DATA FOR THE TASK:
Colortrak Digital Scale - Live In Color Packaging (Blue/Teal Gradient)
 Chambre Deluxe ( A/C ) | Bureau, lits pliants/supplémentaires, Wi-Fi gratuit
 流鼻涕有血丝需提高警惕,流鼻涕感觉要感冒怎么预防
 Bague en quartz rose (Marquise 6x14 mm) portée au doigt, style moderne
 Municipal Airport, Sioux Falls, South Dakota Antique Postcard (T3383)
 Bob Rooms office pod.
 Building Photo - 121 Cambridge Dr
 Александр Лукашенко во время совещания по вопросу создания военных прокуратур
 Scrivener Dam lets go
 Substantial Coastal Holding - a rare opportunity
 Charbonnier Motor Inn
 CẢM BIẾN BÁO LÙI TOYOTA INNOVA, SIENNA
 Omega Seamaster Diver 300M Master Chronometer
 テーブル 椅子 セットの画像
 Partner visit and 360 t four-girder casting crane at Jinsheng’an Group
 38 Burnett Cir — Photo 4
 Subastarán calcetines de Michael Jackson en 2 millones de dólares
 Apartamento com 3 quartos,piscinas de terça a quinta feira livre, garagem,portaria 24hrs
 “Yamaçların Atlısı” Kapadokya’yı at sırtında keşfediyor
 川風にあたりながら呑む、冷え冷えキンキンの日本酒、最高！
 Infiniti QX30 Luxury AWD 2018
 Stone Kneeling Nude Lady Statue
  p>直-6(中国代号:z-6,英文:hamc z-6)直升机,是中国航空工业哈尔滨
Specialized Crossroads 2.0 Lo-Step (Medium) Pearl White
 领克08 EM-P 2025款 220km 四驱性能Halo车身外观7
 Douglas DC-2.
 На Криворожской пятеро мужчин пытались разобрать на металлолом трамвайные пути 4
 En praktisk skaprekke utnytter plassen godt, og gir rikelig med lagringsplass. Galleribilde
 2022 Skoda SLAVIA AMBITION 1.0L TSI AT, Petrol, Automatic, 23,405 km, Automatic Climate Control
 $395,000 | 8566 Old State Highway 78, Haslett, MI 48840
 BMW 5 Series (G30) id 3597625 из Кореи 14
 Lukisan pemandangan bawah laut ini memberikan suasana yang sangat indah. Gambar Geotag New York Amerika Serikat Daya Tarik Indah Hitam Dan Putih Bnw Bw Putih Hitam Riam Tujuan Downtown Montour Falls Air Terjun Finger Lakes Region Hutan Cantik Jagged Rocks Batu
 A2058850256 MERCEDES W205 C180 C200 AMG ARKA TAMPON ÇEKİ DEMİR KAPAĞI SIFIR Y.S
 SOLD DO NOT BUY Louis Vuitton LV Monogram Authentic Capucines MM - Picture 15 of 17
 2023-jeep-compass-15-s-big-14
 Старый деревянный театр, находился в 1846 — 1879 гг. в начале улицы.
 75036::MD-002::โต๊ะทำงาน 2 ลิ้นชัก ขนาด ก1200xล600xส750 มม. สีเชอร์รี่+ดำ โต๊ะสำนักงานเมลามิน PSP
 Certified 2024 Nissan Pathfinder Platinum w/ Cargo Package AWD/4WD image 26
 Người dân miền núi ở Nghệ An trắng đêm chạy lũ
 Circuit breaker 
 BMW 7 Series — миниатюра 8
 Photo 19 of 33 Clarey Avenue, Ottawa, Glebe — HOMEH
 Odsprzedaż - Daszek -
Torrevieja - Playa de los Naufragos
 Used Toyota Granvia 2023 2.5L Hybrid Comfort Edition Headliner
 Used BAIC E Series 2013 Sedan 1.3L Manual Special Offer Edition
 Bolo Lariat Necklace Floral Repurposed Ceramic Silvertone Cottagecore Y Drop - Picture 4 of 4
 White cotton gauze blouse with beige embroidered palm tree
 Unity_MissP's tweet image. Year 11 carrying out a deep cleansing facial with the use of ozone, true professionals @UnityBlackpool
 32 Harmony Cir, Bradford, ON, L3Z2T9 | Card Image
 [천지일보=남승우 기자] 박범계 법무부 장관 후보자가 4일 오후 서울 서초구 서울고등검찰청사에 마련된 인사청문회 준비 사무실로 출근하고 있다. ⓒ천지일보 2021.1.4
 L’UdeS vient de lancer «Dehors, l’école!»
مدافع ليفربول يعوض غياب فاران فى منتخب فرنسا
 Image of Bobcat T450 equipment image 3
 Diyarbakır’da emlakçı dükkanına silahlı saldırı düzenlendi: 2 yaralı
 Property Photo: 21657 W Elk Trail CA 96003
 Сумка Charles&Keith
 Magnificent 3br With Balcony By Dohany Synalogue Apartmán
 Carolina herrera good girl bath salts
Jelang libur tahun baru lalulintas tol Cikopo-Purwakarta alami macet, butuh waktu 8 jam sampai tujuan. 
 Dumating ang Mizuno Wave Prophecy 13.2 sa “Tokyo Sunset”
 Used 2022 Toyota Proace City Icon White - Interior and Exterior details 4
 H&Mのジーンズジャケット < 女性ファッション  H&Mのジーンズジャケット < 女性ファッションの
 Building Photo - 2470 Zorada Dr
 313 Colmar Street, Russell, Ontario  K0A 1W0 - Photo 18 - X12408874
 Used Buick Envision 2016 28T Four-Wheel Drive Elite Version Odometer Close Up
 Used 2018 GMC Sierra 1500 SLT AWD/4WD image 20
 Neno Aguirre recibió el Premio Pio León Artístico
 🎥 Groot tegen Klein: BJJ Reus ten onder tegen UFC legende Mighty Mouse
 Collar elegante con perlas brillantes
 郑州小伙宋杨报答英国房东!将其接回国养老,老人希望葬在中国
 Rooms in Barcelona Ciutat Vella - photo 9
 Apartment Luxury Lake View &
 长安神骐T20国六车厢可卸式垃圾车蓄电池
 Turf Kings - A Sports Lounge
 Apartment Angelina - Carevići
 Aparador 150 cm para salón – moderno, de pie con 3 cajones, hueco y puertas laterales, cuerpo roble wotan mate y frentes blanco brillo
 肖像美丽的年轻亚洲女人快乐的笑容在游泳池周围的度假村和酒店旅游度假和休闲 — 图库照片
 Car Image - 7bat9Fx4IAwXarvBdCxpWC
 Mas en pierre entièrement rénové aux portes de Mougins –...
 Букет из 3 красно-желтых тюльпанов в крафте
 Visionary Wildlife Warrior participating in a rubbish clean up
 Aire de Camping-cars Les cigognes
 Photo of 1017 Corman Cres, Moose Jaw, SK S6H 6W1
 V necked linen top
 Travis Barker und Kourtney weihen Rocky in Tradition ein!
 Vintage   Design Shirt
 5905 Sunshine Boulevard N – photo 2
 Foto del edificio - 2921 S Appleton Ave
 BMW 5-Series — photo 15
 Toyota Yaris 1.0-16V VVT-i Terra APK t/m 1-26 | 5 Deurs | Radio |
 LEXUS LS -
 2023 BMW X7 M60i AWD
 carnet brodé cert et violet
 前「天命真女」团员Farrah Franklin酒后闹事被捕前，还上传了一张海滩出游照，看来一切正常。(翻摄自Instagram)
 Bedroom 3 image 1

TASK OBJECTIVE:
Set down the line holding "Used Buick Envision" and all later lines through the last one in the material above, exactly, and no other lines.

ANSWER:
 Used Buick Envision 2016 28T Four-Wheel Drive Elite Version Odometer Close Up
 Used 2018 GMC Sierra 1500 SLT AWD/4WD image 20
 Neno Aguirre recibió el Premio Pio León Artístico
 🎥 Groot tegen Klein: BJJ Reus ten onder tegen UFC legende Mighty Mouse
 Collar elegante con perlas brillantes
 郑州小伙宋杨报答英国房东!将其接回国养老,老人希望葬在中国
 Rooms in Barcelona Ciutat Vella - photo 9
 Apartment Luxury Lake View &
 长安神骐T20国六车厢可卸式垃圾车蓄电池
 Turf Kings - A Sports Lounge
 Apartment Angelina - Carevići
 Aparador 150 cm para salón – moderno, de pie con 3 cajones, hueco y puertas laterales, cuerpo roble wotan mate y frentes blanco brillo
 肖像美丽的年轻亚洲女人快乐的笑容在游泳池周围的度假村和酒店旅游度假和休闲 — 图库照片
 Car Image - 7bat9Fx4IAwXarvBdCxpWC
 Mas en pierre entièrement rénové aux portes de Mougins –...
 Букет из 3 красно-желтых тюльпанов в крафте
 Visionary Wildlife Warrior participating in a rubbish clean up
 Aire de Camping-cars Les cigognes
 Photo of 1017 Corman Cres, Moose Jaw, SK S6H 6W1
 V necked linen top
 Travis Barker und Kourtney weihen Rocky in Tradition ein!
 Vintage   Design Shirt
 5905 Sunshine Boulevard N – photo 2
 Foto del edificio - 2921 S Appleton Ave
 BMW 5-Series — photo 15
 Toyota Yaris 1.0-16V VVT-i Terra APK t/m 1-26 | 5 Deurs | Radio |
 LEXUS LS -
 2023 BMW X7 M60i AWD
 carnet brodé cert et violet
 前「天命真女」团员Farrah Franklin酒后闹事被捕前，还上传了一张海滩出游照，看来一切正常。(翻摄自Instagram)
 Bedroom 3 image 1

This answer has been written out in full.